Trying to understand correctness of synchronization primitives

I’m looking at the WaiterQueue used in std::sync::once, in particular I was curious about how thread::park and Thread::unpark can be used correctly.

In this use-case, park and unpark are used together with an AtomicBool like this:

parking:

// the AtomicBool is in `node.signaled`
while !node.signaled.load(Ordering::Acquire) {
    thread::park();
}

(source)

unparking:

(*queue).signaled.store(true, Ordering::Release);
// ^- FIXME (maybe): This is another case of issue #55005
// `store()` has a potentially dangling ref to `signaled`.
queue = next;
thread.unpark();

(source)

As far as I can tell, #55005 is about something different, unrelated to what I’m discussing here.

To come to my question, I’m trying to understand the logic here, in particular the code for unparking. Let me quote the nomicon:

Intuitively, an acquire access ensures that every access after it stays after it. However operations that occur before an acquire are free to be reordered to occur after it. Similarly, a release access ensures that every access before it stays before it. However operations that occur after a release are free to be reordered to occur before it.

Now, on the unparking side, an Ordering::Release is used, so I would naively want to assume that the compiler could legally re-order this into something like

thread.unpark();
(*queue).signaled.store(true, Ordering::Release);
queue = next;

except it can’t (I hope) since otherwise, we could have this kind of interleaving

// unparking thread:
thread.unpark();
// CONTEXT SWITCH
// parked thread, leaving its `thread::park()` call
while !node.signaled.load(Ordering::Acquire) // -> `signaled` still false, loop again
thread::park(); // we’re parked again, waiting for the next `unpark`
// CONTEXT SWITCH
// unparking thread:
(*queue).signaled.store(true, Ordering::Release);
queue = next;
// ...

where the parked thread is not woken up successfully.

So my question is: What kind of atomics-intricacy prevents this reordering? Or is there a bug in the standard library and what’s actually needed is something like the following?

(*queue).signaled.swap(true, Ordering::SeqCst);
queue = next;
thread.unpark();

I’m getting really insecure about atomics these days—perhaps the thread.unpark() call would even need be changed to logically depend on the result of the .swap() to really ensure that no reordering happens?
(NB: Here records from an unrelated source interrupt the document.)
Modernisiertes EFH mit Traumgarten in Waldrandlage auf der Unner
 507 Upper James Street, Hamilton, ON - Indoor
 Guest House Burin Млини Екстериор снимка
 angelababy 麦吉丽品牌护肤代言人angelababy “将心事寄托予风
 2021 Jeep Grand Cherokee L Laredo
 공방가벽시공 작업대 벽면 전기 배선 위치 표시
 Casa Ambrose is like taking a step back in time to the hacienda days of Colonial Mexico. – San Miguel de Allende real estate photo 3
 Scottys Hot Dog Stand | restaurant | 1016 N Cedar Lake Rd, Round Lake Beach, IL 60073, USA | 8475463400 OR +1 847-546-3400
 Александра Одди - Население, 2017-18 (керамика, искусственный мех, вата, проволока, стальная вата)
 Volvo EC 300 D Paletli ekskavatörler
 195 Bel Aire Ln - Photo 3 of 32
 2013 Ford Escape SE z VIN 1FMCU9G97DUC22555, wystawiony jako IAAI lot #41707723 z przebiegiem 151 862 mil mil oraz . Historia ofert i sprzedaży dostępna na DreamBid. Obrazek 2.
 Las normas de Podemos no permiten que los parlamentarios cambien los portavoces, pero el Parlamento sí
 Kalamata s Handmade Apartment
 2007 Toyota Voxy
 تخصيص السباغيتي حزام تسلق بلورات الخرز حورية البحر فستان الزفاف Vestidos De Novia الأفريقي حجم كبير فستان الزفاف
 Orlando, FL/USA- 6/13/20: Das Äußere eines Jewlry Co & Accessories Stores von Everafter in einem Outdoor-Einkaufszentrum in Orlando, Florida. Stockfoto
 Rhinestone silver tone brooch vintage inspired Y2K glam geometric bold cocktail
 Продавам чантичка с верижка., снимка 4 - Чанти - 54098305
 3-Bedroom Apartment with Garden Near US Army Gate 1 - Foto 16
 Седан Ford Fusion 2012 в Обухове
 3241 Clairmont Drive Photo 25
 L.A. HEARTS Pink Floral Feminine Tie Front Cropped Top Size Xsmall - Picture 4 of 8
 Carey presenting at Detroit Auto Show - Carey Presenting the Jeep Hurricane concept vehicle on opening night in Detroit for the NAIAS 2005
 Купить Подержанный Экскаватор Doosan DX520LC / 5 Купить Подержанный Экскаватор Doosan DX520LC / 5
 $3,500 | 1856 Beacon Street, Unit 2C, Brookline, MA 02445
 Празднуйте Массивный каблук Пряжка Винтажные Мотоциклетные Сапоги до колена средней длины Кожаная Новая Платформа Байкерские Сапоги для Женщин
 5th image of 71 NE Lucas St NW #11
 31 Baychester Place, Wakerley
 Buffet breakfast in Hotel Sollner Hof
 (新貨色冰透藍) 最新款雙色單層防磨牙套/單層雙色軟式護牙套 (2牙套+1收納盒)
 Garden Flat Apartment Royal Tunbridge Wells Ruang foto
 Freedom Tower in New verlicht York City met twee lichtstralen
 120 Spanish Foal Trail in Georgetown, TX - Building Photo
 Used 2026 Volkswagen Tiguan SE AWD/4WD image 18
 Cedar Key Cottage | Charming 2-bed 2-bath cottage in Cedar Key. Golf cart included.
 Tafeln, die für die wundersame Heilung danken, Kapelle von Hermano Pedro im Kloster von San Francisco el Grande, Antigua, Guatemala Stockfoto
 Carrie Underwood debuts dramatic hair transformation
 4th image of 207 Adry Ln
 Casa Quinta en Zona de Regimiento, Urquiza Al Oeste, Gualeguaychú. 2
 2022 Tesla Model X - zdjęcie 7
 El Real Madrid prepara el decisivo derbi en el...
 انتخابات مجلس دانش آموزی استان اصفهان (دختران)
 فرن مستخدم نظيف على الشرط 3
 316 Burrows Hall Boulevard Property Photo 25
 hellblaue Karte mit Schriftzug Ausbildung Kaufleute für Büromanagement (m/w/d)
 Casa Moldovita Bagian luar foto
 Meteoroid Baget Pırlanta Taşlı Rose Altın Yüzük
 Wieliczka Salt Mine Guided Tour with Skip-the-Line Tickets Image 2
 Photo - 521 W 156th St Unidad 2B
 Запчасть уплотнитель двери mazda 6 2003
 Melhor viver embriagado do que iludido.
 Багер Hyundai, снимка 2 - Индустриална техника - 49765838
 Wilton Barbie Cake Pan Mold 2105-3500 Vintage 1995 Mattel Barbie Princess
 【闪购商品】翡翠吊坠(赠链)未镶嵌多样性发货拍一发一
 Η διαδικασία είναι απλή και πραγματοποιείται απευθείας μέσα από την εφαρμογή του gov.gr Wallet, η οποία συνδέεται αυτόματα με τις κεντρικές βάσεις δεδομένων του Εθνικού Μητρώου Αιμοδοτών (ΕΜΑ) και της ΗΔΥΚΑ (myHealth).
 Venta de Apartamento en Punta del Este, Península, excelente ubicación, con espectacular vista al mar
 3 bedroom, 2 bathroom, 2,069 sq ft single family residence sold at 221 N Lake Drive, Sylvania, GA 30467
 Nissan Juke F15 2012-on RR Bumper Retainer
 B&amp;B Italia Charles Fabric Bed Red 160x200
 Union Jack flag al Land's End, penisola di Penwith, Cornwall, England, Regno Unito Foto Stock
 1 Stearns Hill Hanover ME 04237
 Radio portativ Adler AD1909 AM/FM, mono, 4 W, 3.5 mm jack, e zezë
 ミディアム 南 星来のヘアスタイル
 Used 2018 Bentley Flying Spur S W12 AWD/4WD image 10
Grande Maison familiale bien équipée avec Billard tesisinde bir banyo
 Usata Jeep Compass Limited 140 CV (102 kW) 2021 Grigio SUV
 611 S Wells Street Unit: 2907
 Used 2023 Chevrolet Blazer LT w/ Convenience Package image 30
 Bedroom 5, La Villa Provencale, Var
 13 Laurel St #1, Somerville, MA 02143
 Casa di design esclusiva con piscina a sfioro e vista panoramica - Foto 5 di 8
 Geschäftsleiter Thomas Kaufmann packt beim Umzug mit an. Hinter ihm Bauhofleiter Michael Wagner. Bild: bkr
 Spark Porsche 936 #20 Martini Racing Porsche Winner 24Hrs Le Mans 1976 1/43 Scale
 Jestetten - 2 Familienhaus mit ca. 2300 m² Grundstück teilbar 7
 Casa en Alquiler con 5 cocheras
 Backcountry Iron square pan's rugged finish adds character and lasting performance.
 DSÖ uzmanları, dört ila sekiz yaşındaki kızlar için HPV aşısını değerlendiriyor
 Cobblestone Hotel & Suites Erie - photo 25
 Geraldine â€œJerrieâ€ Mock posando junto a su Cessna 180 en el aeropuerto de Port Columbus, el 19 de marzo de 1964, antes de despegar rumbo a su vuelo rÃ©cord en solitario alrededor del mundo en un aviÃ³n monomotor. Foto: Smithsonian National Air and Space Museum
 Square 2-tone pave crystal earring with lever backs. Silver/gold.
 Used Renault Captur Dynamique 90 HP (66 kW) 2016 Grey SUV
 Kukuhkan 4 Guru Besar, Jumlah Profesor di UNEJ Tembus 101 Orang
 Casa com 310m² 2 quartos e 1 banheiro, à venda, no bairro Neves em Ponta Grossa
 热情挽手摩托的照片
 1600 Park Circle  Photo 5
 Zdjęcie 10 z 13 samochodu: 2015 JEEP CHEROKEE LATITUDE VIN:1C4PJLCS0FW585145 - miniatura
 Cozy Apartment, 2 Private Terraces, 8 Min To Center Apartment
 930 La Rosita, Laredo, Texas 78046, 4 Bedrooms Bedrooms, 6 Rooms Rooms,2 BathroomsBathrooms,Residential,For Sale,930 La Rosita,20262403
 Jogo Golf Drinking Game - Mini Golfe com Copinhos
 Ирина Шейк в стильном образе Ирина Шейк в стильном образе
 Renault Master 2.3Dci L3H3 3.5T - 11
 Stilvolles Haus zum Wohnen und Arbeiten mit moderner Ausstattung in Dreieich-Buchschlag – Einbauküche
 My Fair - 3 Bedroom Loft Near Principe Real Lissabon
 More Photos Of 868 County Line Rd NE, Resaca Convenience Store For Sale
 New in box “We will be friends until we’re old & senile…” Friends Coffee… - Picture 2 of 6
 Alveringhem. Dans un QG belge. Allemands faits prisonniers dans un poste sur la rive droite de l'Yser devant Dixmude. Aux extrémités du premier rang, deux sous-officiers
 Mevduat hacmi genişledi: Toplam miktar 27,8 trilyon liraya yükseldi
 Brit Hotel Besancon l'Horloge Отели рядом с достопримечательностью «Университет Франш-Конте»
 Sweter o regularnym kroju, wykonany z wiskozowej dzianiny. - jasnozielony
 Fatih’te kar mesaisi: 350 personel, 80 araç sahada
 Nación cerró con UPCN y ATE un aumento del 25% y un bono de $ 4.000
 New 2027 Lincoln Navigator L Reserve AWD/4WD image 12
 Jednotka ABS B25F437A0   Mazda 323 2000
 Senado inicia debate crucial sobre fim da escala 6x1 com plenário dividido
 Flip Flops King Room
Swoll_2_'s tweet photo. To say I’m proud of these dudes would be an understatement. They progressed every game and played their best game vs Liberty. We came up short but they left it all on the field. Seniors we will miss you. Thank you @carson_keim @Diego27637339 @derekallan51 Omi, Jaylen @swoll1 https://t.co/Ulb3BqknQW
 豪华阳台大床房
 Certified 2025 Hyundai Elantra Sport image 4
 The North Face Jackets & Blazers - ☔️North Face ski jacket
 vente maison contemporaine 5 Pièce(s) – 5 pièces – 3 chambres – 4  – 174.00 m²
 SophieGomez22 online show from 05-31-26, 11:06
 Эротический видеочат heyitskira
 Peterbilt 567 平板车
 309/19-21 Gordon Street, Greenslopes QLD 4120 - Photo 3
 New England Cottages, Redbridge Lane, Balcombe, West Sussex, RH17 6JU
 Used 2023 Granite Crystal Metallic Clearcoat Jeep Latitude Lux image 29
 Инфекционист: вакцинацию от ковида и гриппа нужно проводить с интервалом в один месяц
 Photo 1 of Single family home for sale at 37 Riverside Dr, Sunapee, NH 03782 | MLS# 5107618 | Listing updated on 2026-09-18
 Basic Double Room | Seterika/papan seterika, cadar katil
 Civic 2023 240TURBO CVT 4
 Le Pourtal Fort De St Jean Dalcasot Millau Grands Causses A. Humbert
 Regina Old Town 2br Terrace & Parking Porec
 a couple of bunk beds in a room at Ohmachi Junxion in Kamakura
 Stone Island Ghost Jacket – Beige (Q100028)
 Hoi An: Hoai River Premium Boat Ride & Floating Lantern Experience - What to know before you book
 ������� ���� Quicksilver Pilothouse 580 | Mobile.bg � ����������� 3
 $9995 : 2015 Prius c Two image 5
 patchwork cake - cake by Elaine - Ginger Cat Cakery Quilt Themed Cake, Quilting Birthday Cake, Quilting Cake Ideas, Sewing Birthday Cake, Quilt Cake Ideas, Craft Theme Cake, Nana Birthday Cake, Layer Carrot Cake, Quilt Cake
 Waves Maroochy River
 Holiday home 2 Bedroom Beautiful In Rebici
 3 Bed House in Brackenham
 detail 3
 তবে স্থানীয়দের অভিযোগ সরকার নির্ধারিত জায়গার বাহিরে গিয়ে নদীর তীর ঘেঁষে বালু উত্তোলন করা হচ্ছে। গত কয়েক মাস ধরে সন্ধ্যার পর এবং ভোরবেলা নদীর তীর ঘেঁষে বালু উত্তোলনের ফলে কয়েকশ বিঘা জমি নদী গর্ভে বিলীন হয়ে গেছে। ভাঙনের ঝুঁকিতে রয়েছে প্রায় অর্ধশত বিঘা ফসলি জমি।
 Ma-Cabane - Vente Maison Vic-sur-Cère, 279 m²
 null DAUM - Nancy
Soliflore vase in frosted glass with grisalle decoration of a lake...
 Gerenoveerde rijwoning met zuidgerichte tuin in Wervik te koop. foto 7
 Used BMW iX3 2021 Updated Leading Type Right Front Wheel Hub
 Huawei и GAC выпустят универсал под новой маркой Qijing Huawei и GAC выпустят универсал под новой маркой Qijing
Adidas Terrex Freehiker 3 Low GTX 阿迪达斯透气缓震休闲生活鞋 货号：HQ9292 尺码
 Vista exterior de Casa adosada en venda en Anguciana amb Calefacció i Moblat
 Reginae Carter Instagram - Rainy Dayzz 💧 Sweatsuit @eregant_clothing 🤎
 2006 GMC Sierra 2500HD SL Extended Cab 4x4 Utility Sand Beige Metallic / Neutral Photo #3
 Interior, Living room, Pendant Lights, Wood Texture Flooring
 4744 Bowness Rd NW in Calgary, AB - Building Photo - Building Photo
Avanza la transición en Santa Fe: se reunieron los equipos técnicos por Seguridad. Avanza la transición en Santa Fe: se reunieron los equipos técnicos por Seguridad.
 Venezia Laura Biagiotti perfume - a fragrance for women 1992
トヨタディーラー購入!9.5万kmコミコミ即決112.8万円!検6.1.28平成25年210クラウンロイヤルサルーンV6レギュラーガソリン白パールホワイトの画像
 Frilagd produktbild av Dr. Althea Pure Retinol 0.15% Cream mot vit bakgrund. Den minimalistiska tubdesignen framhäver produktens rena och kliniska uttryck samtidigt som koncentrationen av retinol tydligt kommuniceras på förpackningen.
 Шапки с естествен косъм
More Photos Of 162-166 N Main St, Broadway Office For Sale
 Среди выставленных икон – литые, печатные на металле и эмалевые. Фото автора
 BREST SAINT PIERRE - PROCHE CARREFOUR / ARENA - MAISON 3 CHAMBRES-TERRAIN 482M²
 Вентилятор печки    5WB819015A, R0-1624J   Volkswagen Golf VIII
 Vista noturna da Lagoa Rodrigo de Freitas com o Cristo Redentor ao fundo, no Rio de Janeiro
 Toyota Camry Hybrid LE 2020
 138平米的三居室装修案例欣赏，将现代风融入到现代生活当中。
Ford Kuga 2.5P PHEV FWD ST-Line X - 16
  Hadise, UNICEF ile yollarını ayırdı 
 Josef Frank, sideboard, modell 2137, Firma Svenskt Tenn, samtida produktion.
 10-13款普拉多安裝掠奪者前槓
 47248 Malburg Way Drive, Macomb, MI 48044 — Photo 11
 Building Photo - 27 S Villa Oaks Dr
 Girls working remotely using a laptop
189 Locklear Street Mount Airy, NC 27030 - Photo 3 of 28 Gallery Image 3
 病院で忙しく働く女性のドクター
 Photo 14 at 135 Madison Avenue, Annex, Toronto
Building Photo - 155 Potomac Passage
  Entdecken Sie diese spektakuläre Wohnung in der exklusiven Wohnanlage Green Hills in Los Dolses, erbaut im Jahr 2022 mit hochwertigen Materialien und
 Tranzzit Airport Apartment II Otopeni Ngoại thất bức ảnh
Edit: Iʼm only just now noticing that the example on the thread::park docs uses the same kind of AtomicBool flag with a Release store. Also: sorry if this thread seems like a better fit for URLO; I thought it should fit IRLO, too, because Iʼd like to potentially get some bugs fixed in the standard library or at least have its documentation improved by adding more explanation for why this example code is safe.

2 Likes

I believe what makes the stdlib not incorrect (currently?) is that Thread::unpark performs a SeqCst access, preventing reordering. I can't speak authoritatively for whether this is actually enough, or whether this property is guaranteed to user code, but intuitively I think it does prevent the bad reordering / interleaving you show here.

I'm not really up to speed today mentally, so I don't know if there's anything preventing any reordering.

However, I can say that SeqCst doesn't in itself prevent much. It's just AcqRel with the additional property that it is well ordered to other SeqCst accesses even on other atomics. Unless there's some other SeqCst on some other atomic, it adds nothing on top of AcqRel.

Edit: Take it with a grain of salt, due to my lack of caffee, but I believe the thing that makes it correct is the access inside parking/unparking. Because unpark does SeqCst, which is superset of AckRel, which is superset of Release, that one ensures that the changes to signal are visible to other threads (in other words, the signal.store does not prevent unpark getting before it, but the unpark prevents the signaled.store getting after it, not beacuse ordering between atomics due to SeqCst, but because in addition to being atomic, it is also an ordinary memory access which is synchronized by that Release).

I think you are correct. The gymnastics with signaled piggybacks with park/unpark, which uses the bigger hammer, and therefore signaled may use just Acquire and Release.